* **Dataset entries**:

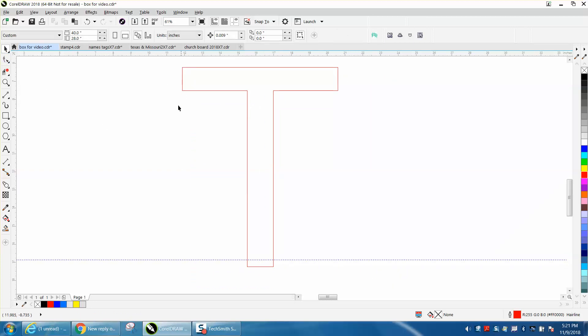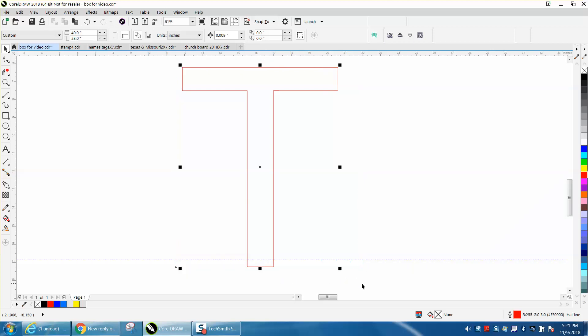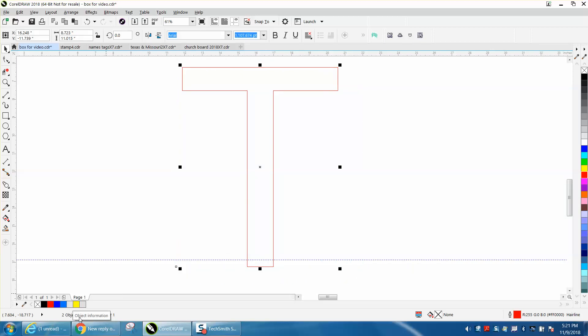But if you select your whole item right down here, two objects selected on layer one. They're both there.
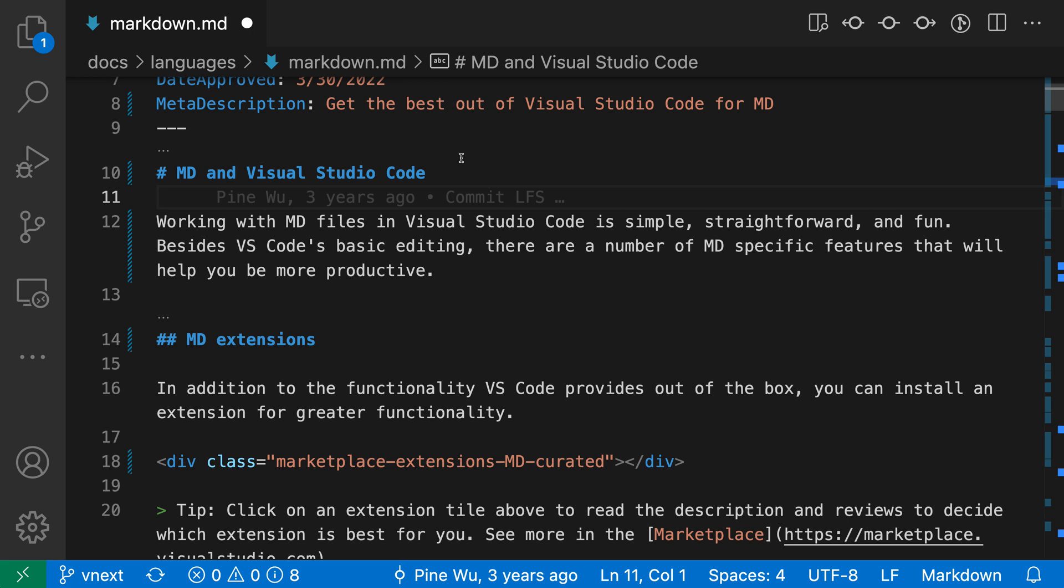The compareActiveFileWithSaved command opens a diff view that shows you all of the changes that have been made to an unsaved text file.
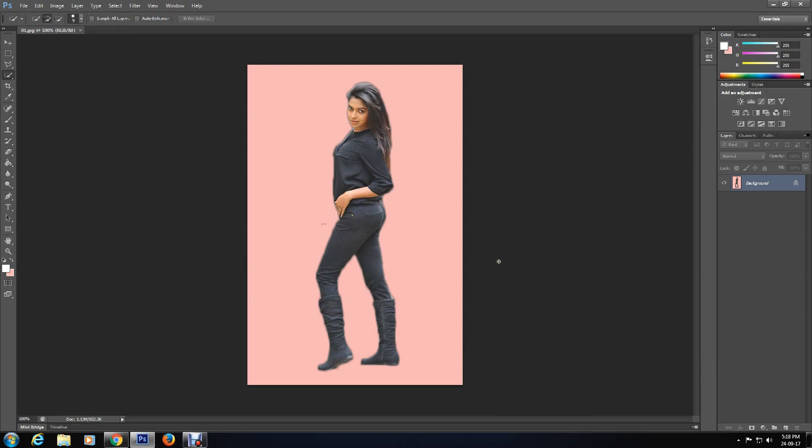I hope this tutorial was helpful and you are now more clear how to change photo background in Photoshop. Please come back for more tutorials and like, comment, share, and subscribe to my channel. Thank you for watching.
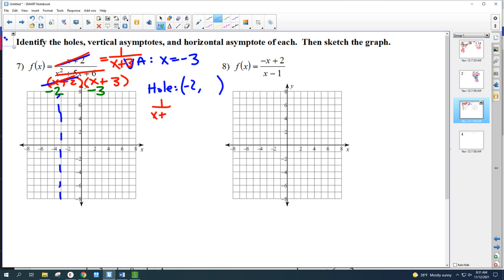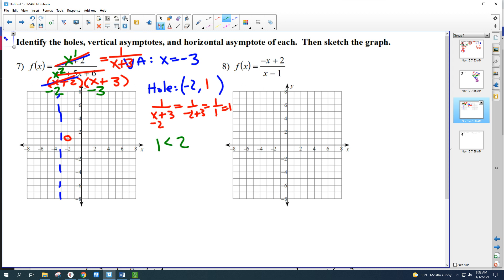Plug negative 2 into the reduced form: 1 over (negative 2 plus 3) equals 1 over 1 equals 1. So the hole is at (negative 2, 1). There's a vertical asymptote at x equals negative 3. For the horizontal asymptote, check the degrees: the numerator was x to the first power and the denominator was x to the second power. When the degree of the top is less than the degree of the bottom, the horizontal asymptote is y equals 0.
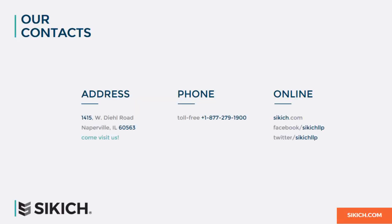Thank you for taking the time to review Sikich Commission Management. Please contact us for more information.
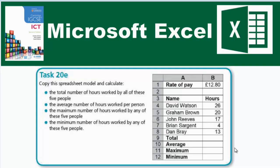Hello, welcome to another video. In this video, we're going to be looking at task 20E, which says that we should copy this spreadsheet model and calculate the following.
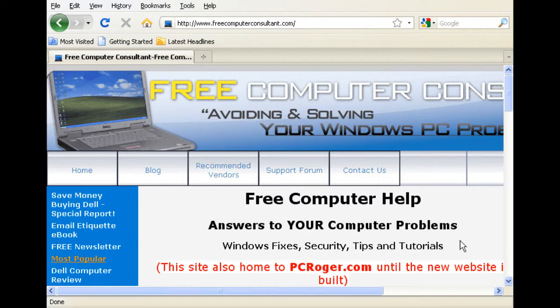Hi, this is PC Roger. I want to welcome you to this short video on upgrading the memory in your computer. We're going to do this because we have this machine on Windows XP with one gigabyte of memory, and we'd really like to get some better performance out of it, possibly upgrade to Windows 7. If you have Windows Vista, you'd probably notice that one gigabyte is a little bit light anyway, and you will get better performance out of more memory.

* **Exercise aim**:
Once more, please print the whole listing exactly, omitting each image.

* **Result for this exercise**:
But if you select your whole item right down here, two objects selected on layer one. They're both there.
The compareActiveFileWithSaved command opens a diff view that shows you all of the changes that have been made to an unsaved text file.
I hope this tutorial was helpful and you are now more clear how to change photo background in Photoshop. Please come back for more tutorials and like, comment, share, and subscribe to my channel. Thank you for watching.
Plug negative 2 into the reduced form: 1 over (negative 2 plus 3) equals 1 over 1 equals 1. So the hole is at (negative 2, 1). There's a vertical asymptote at x equals negative 3. For the horizontal asymptote, check the degrees: the numerator was x to the first power and the denominator was x to the second power. When the degree of the top is less than the degree of the bottom, the horizontal asymptote is y equals 0.
Thank you for taking the time to review Sikich Commission Management. Please contact us for more information.
Hello, welcome to another video. In this video, we're going to be looking at task 20E, which says that we should copy this spreadsheet model and calculate the following.
Hi, this is PC Roger. I want to welcome you to this short video on upgrading the memory in your computer. We're going to do this because we have this machine on Windows XP with one gigabyte of memory, and we'd really like to get some better performance out of it, possibly upgrade to Windows 7. If you have Windows Vista, you'd probably notice that one gigabyte is a little bit light anyway, and you will get better performance out of more memory.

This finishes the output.